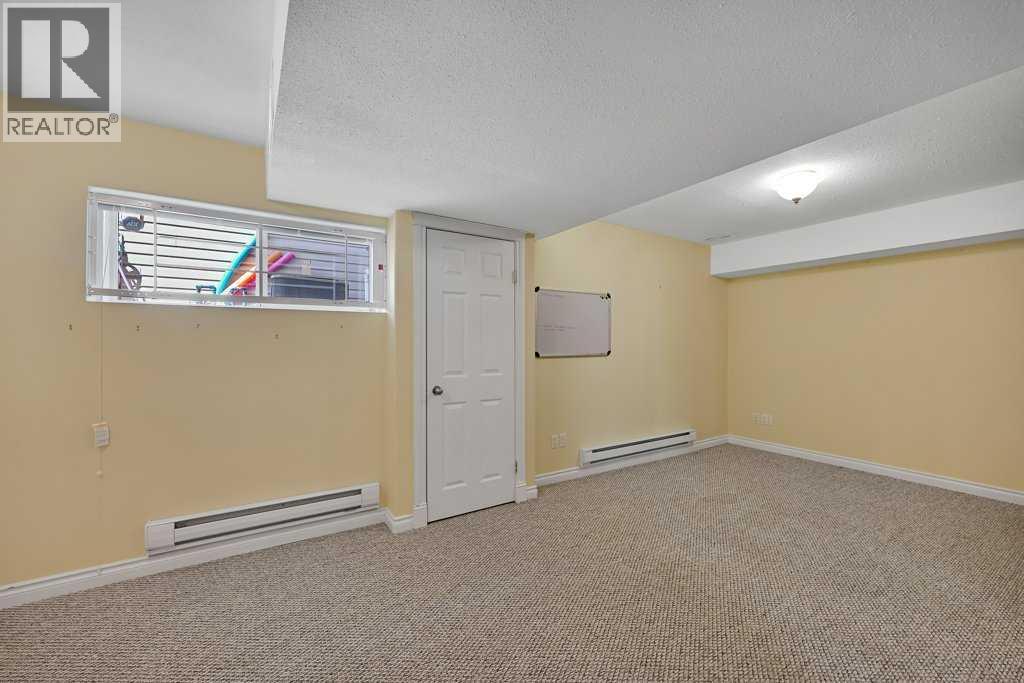 8 Valley Creek Crescent NW, Calgary, Alberta  T3B 5V2 - Photo 33 - A2310883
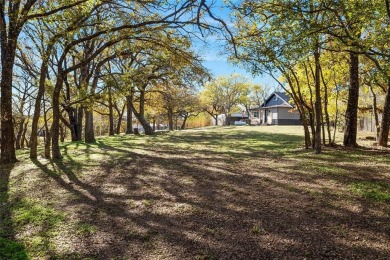 Discover this fully renovated farmhouse situated on a 1.37 acre on Denton Country Club in Texas - for sale on GolfHomes.com, golf home, golf lot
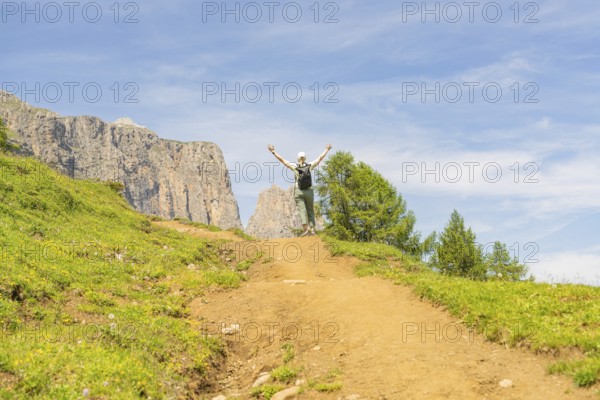 A hiker enjoys a sunny path in a mountainous landscape, Schlehrn hike, Alpe di Siusi, Dolomites, South Tyrol, Italy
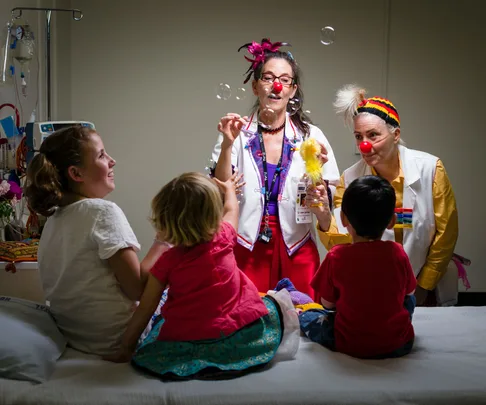 Clown doctors cheering up the kids in Auckland's Starship Children's hospital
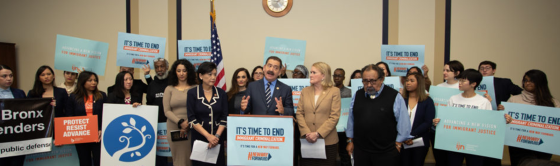 Large number of people near podium, most holding signs about ending immigrant criminalization.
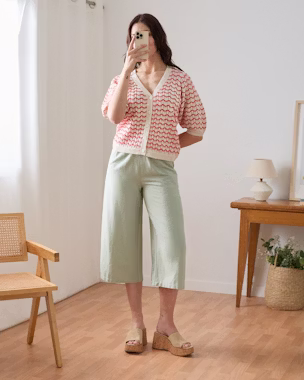 Long mint green bermuda paired with a red and white crochet top and beige platform sandals in a minimalist summer outfit.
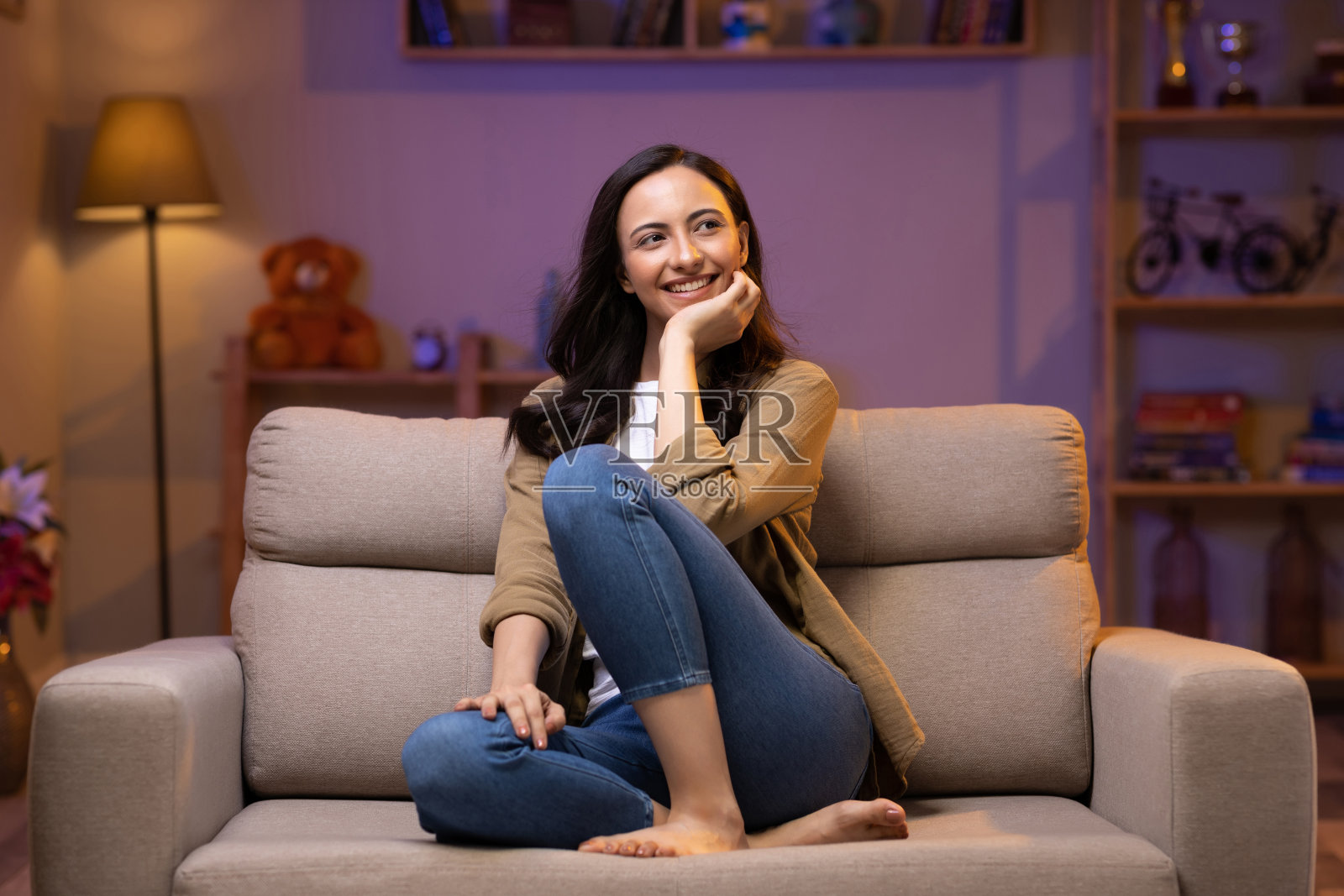 年轻女子坐在客厅舒适的沙发上放松照片摄影图片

Work required ▸
Transcribe all the lines above exactly; any image among them is skipped.

Response to the exercise ▸
 8 Valley Creek Crescent NW, Calgary, Alberta  T3B 5V2 - Photo 33 - A2310883
 Discover this fully renovated farmhouse situated on a 1.37 acre on Denton Country Club in Texas - for sale on GolfHomes.com, golf home, golf lot
 A hiker enjoys a sunny path in a mountainous landscape, Schlehrn hike, Alpe di Siusi, Dolomites, South Tyrol, Italy
 Clown doctors cheering up the kids in Auckland's Starship Children's hospital
 Large number of people near podium, most holding signs about ending immigrant criminalization.
 Long mint green bermuda paired with a red and white crochet top and beige platform sandals in a minimalist summer outfit.
 年轻女子坐在客厅舒适的沙发上放松照片摄影图片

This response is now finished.